On April 29, 2026, a Linux kernel local privilege escalation vulnerability was publicly disclosed under the name “Copy Fail” (CVE-2026-31431). As soon as it was disclosed, Cloudflare’s Security and Engineering teams began assessing the vulnerability. They reviewed the exploit technique, evaluated its impact on our infrastructure, and confirmed that our existing behavioral detections could spot the exploit within minutes.
There was no impact to the Cloudflare environment, no customer data was exposed, and all services continued to function without interruption at all times. Discover how our preparedness played a role in ensuring this.
Our approach to Linux kernel releases
Cloudflare manages a massive global Linux server infrastructure spread across more than 330 cities. We use a customized Linux kernel build based on the community’s Long-Term Support (LTS) versions to efficiently handle updates at this scale. Currently, we use multiple LTS versions from series such as 6.12 and 6.18, both of which receive long-term support.
The community continually merges and publishes security and stability fixes, which automatically trigger a new internal kernel build every week. These builds undergo thorough testing in our staging data centers to verify reliability before being deployed globally. Once a release is greenlit, our Edge Reboot Release (ERR) pipeline handles the rollout, rebooting edge infrastructure systematically over a four-week cycle. Control plane infrastructure is kept on the latest kernel, with reboots planned to suit workload demands.

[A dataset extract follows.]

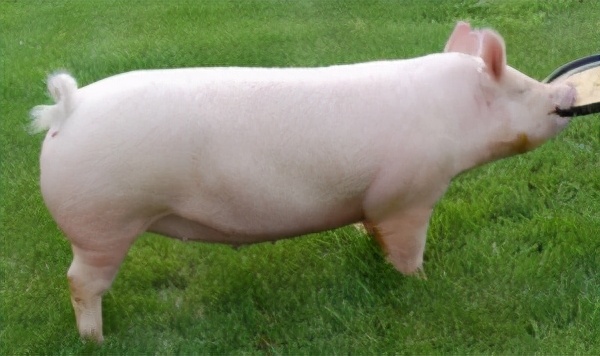 一只豬27萬美元？一只鴿子140萬美元？盤點(diǎn)史上最昂貴的6只動(dòng)物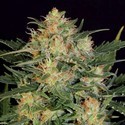 Autoflower White Russian (Serious Seeds) Feminisoidut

By the time a CVE is made public, the fix has usually been merged into stable Linux LTS releases for several weeks. Our processes guarantee that we’ve already applied those patches by then.
When “Copy Fail” was disclosed, most of our systems were already on LTS version 6.12, while others had started migrating to the newer 6.18 LTS release.
Understanding the Copy Fail vulnerability
Before diving into our response, it helps to first grasp the vulnerability. You can find a detailed write-up in the original Xint Code disclosure post.
AF_ALG and the kernel crypto API
The Linux kernel’s built-in crypto API oversees features like kTLS and IPsec. Userspace applications can tap into this using the AF_ALG socket family, which lets unprivileged processes request encryption or decryption operations. The algif_aead module handles this for Authenticated Encryption with Associated Data (AEAD) ciphers.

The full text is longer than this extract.